Given a string, find the length of the longest substring without repeating characters.

Example 1:

Input: "abcabcbb"
Output: 3 
Explanation: The answer is "abc", with the length of 3. 

Example 2:

Input: "bbbbb"
Output: 1
Explanation: The answer is "b", with the length of 1.

Example 3:

Input: "pwwkew"
Output: 3
Explanation: The answer is "wke", with the length of 3. 
             Note that the answer must be a substring, "pwke" is a subsequence and not a substring.

The problem could be solved using two pointer mixed kadane's algorithms to manipulate subarray

class Solution:
    def lengthOfLongestSubstring(self, s: str) -> int:
        logging.debug(f"{list(enumerate(s))}")
        slo = fas = 0  #slow as the fisrt character in a subarray which not duplicate, fast as the fast.
                                  #relation: length = fas - slo
        current = set()
        glo = loc = 0
        while fas < len(s):
            logging.debug(f"pre_current: {current}, slow: {slo}, fast: {fas}")
            if s[fas] not in current: 
                current.add(s[fas]
                loc = fas - slo
                glo = max(glo, loc)
                 fas +=1
            else:
                current.remove(s[slo])
                slo += 1
            logging.debug(f"post_current: {current}, slow: {slo}, fast: {fas} \n")
        return glo

TestCase

    def test_g(self):
        s = "abccefg"
        answer = 4
        check = self.solution.lengthOfLongestSubstring(s)
        self.assertEqual(answer, check)

The solution is very clear to move slow and fast alternatively

$ python 3.LongestSubstring.py MyCase.test_g
DEBUG [(0, 'a'), (1, 'b'), (2, 'c'), (3, 'c'), (4, 'e'), (5, 'f'), (6, 'g')]
DEBUG pre_current: set(), slow: 0, fast: 0
DEBUG post_current: {'a'}, slow: 0, fast: 1 

DEBUG pre_current: {'a'}, slow: 0, fast: 1
DEBUG post_current: {'b', 'a'}, slow: 0, fast: 2 

DEBUG pre_current: {'b', 'a'}, slow: 0, fast: 2
DEBUG post_current: {'b', 'c', 'a'}, slow: 0, fast: 3 

DEBUG pre_current: {'b', 'c', 'a'}, slow: 0, fast: 3
DEBUG post_current: {'b', 'c'}, slow: 1, fast: 3 

DEBUG pre_current: {'b', 'c'}, slow: 1, fast: 3
DEBUG post_current: {'c'}, slow: 2, fast: 3 

DEBUG pre_current: {'c'}, slow: 2, fast: 3
DEBUG post_current: set(), slow: 3, fast: 3 

DEBUG pre_current: set(), slow: 3, fast: 3
DEBUG post_current: {'c'}, slow: 3, fast: 4 

DEBUG pre_current: {'c'}, slow: 3, fast: 4
DEBUG post_current: {'c', 'e'}, slow: 3, fast: 5 

DEBUG pre_current: {'c', 'e'}, slow: 3, fast: 5
DEBUG post_current: {'e', 'f', 'c'}, slow: 3, fast: 6 

DEBUG pre_current: {'e', 'f', 'c'}, slow: 3, fast: 6
DEBUG post_current: {'g', 'e', 'f', 'c'}, slow: 3, fast: 7 

.
----------------------------------------------------------------------
Ran 1 test in 0.001s

As a conclusion, the solution employed two pointer technique and the idea of the Kadane algorithms.

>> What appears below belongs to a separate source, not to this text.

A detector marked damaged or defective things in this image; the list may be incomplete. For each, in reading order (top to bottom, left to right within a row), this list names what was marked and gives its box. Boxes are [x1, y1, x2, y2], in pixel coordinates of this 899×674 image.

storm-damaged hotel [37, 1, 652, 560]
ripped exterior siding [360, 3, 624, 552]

I assumed that it is possible to finally work it out after spending hours on debugging as a beginner.

However, I read such a delicate solution


class SolutionA:
    def lengthOfLongestSubstring(self, s):
        """
        :type s: str
        :rtype: int
        """
        #slow is the first  which not duplicate in a subarray
        #fast is the last whichi not duplicate in a subarray
        lookup, glo, slo, fas = {}, 0, 0, 0
        for fas, ch in enumerate(s):
            if ch in lookup: 
                slo = max(slo, lookup[ch]+1)
            elif ch not in lookup:
                glo = max(glo, fas-slo+1)                
            lookup[ch] = fas #update the duplicates and add new 
        return glo

The solution is very smart, I honestly don't believe one could design such a solution in hours if one did not read it before.

It used hash map , two times of kadane's algorithms idea and very concise structure.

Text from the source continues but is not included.